I am trying to use the Match Analysis in the Open Quality studio product to find duplicate customers. It is basic person data with name, organization, email, and street address. I've scrubbed the data the best I can, but the data quality is poor, as there are a number of fields that have nulls.
There are so many parameters to vary in this process it is a little overwhelming. What fields and how long should the block key be? Which fields should be used in the matching rules and what matching functions do I use? What are the individual thresholds and confidence weights for the various fields and what should the overall match threshhold and confidence be set to?
I know I'm not the first person to use this trecordmatching algorithm in Talend for customer data matching, especially since the data is based on basic, common, data fields like name and address. I hate to reinvent the wheel and I know there are people with more statistical knowledge than I on what the settings should be.

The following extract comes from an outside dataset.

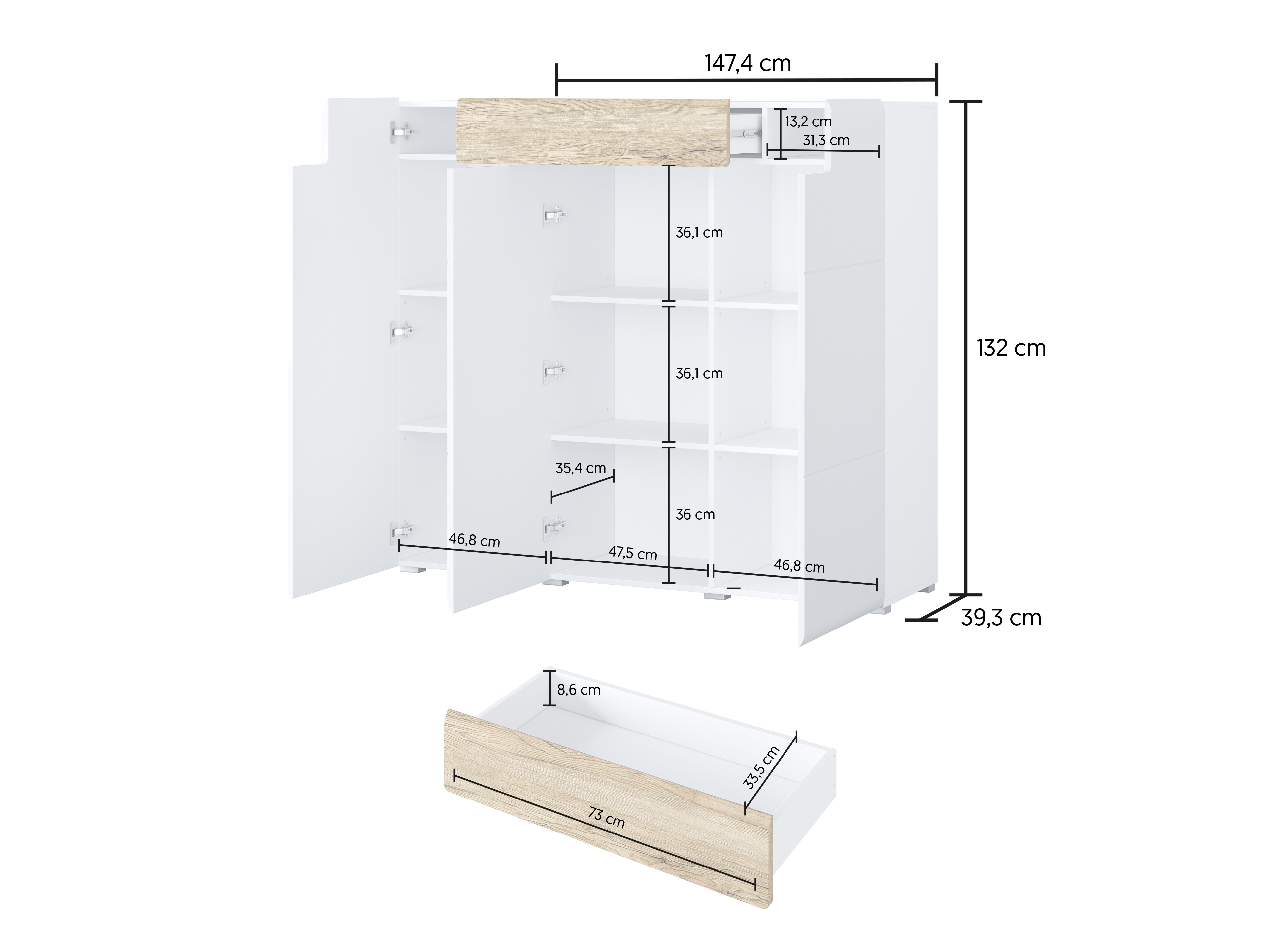 Komoda Torsone 112 (Antracit + Gloss antracit + Hrast Grandson)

Is there a library of matching rules/settings for customer data for Open Studio for Data Quality that is available for viewing or download?
With talend open studio for Data quality product, please have a look at this tFuzzyMacth component which compares a column from the main flow with a reference column from the lookup flow and outputs the main flow data displaying the distance.
Here is a component tRecordMatching which can join two tables by doing a fuzzy match on several columns using a wide variety of comparison algorithms,however, this component will be available in the Palette of Talend Studio on the condition that you have subscribed to one of the Talend Platform products not open source.